You have the possibility to maintain your own rules for all those. Unfortunately, documentation is lagging behind but you can ask for help either per email or by creating an issue describing your problem and I'll try to help. Some technical help you can find in the technical documentation but it's also not always up to date so as usual, the best way is to browse the source, especially the hi_db.sql file and the content sql files created for different platforms in case of modelling.

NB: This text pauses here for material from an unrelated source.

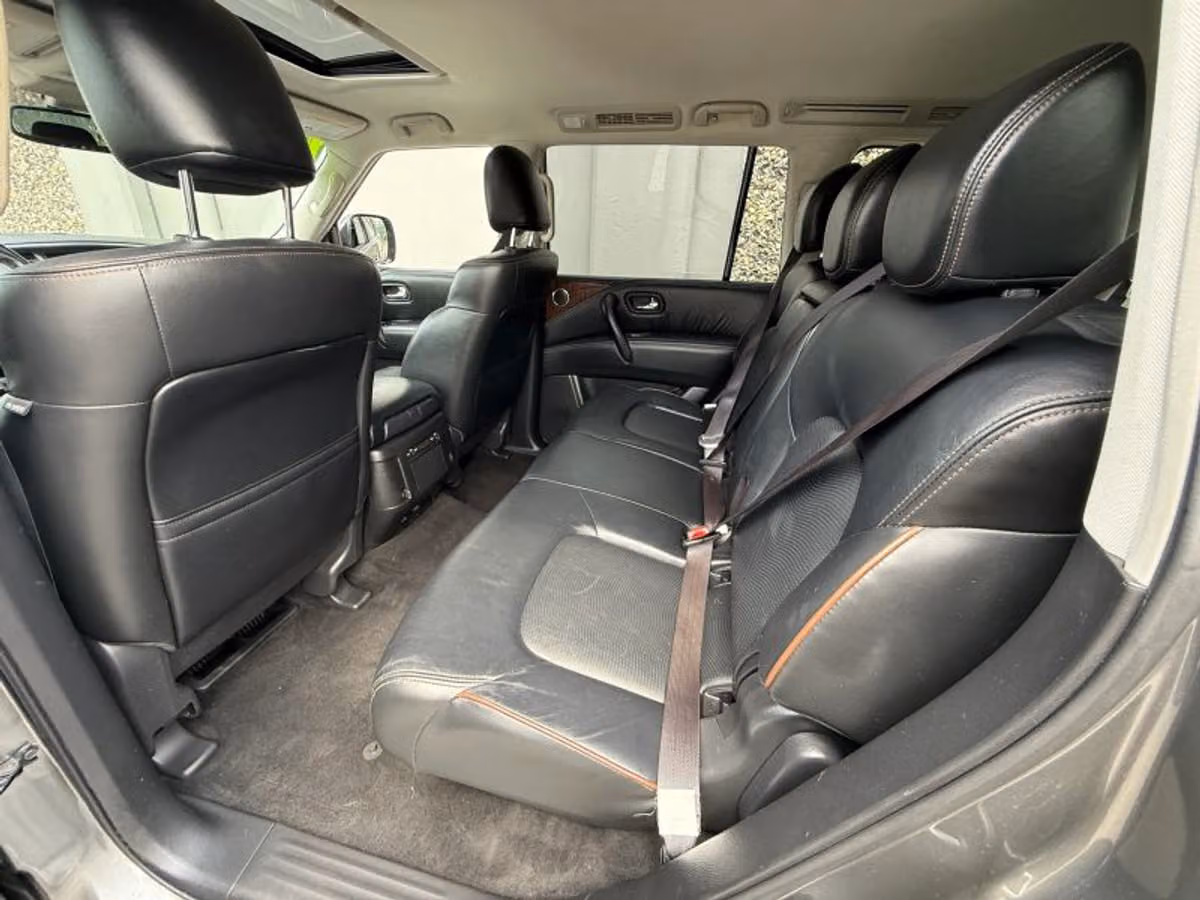 2020 Nissan Armada SL Image 15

The rules for phonology and morphology belong to foma, so please check the technical documentation for some examples and links pointing to the original documentation of foma to be able to create your own morphological analyser. There are two analysers in development I use usually: a Hungarian and an English. Depending on the target, the morphological analyser can be built as:

desktop:

make desktop_fst DESKTOPFOMAPATH=/path/to/your/foma/file DESKTOPLEXCFILES=/your/lexc/files/directory

Android:

make android_fst ANDROIDFOMAPATH=/path/to/your/foma/file ANDROIDLEXCFILES=/your/lexc/files/directory

javascript:

make js_fst JSFOMAPATH=/path/to/your/foma/file JSLEXCFILES=/your/lexc/files/directory

The grammar rules can be either coded manually in a bison file as shown in the corresponding section of the technical documentation or you can just enter your syntactic rules in the grammar db table in your content sql file entering the language id for which the rule is relevant, the parent symbol, the head symbol and the non-head symbol as if it was a bison rule like: A->B C. However, in order to add a linguistic feature to a node (like main_verb), you have to put the corresponding code snippet of the action in the action field of the grammar table entry of the rule.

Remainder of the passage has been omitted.